■ **EXERCISE DATA**

+-------+

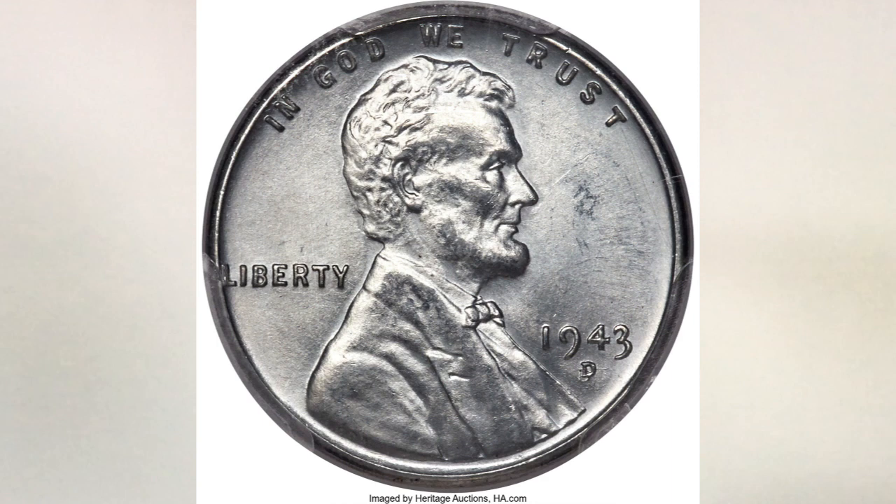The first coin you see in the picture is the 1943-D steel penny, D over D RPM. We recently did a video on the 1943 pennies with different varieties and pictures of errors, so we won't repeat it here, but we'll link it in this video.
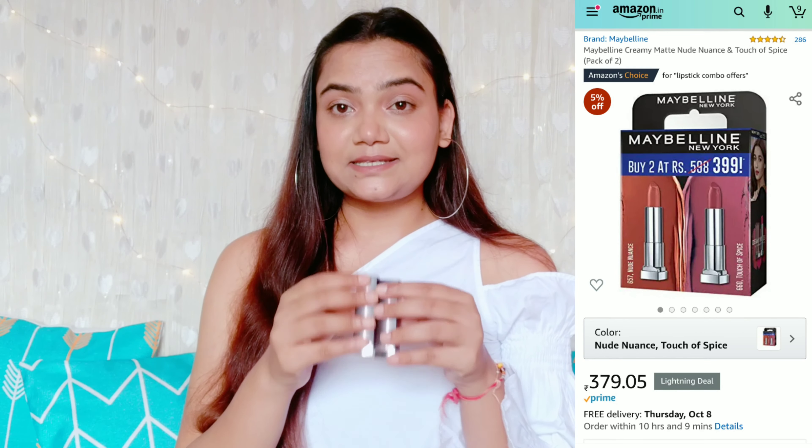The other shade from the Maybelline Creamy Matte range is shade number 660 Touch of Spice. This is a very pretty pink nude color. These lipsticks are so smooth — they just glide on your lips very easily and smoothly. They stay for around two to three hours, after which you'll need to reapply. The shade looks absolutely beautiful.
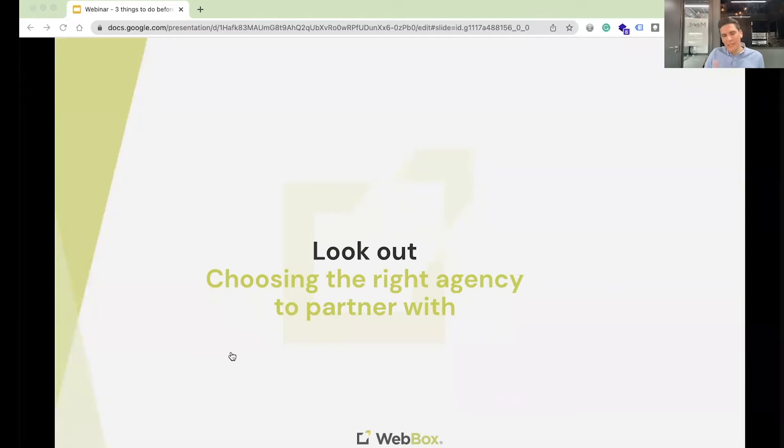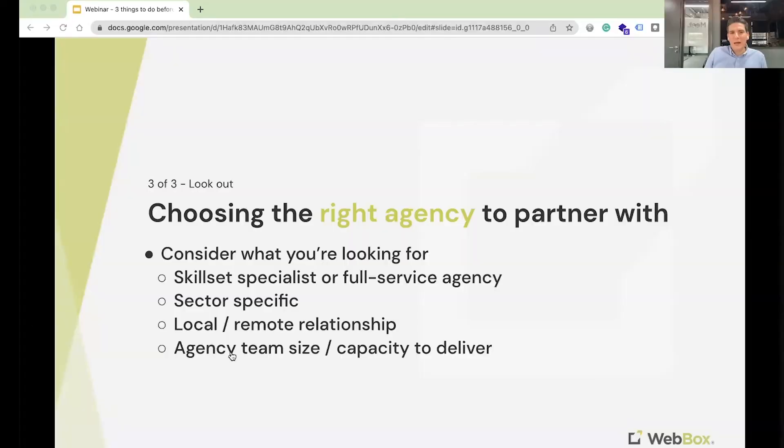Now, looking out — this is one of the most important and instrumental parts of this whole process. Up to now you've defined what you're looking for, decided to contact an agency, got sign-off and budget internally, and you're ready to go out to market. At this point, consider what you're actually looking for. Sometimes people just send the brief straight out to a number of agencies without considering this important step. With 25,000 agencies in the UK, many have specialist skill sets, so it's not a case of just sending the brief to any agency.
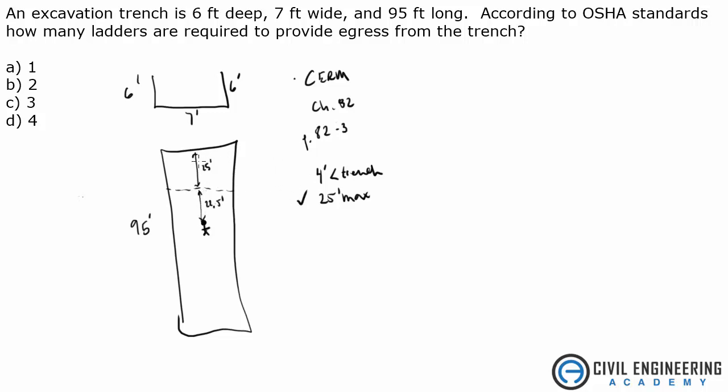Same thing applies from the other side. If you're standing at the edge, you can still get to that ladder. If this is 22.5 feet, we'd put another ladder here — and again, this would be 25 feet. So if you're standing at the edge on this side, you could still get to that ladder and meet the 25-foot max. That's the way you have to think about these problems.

+-------+

■ **WORK INSTRUCTION**
Retype only the lines above from the one with "Now, looking out" through the last, both ends included, keeping every picture out of the copy.

■ **TASK RESPONSE**
Now, looking out — this is one of the most important and instrumental parts of this whole process. Up to now you've defined what you're looking for, decided to contact an agency, got sign-off and budget internally, and you're ready to go out to market. At this point, consider what you're actually looking for. Sometimes people just send the brief straight out to a number of agencies without considering this important step. With 25,000 agencies in the UK, many have specialist skill sets, so it's not a case of just sending the brief to any agency.
Same thing applies from the other side. If you're standing at the edge, you can still get to that ladder. If this is 22.5 feet, we'd put another ladder here — and again, this would be 25 feet. So if you're standing at the edge on this side, you could still get to that ladder and meet the 25-foot max. That's the way you have to think about these problems.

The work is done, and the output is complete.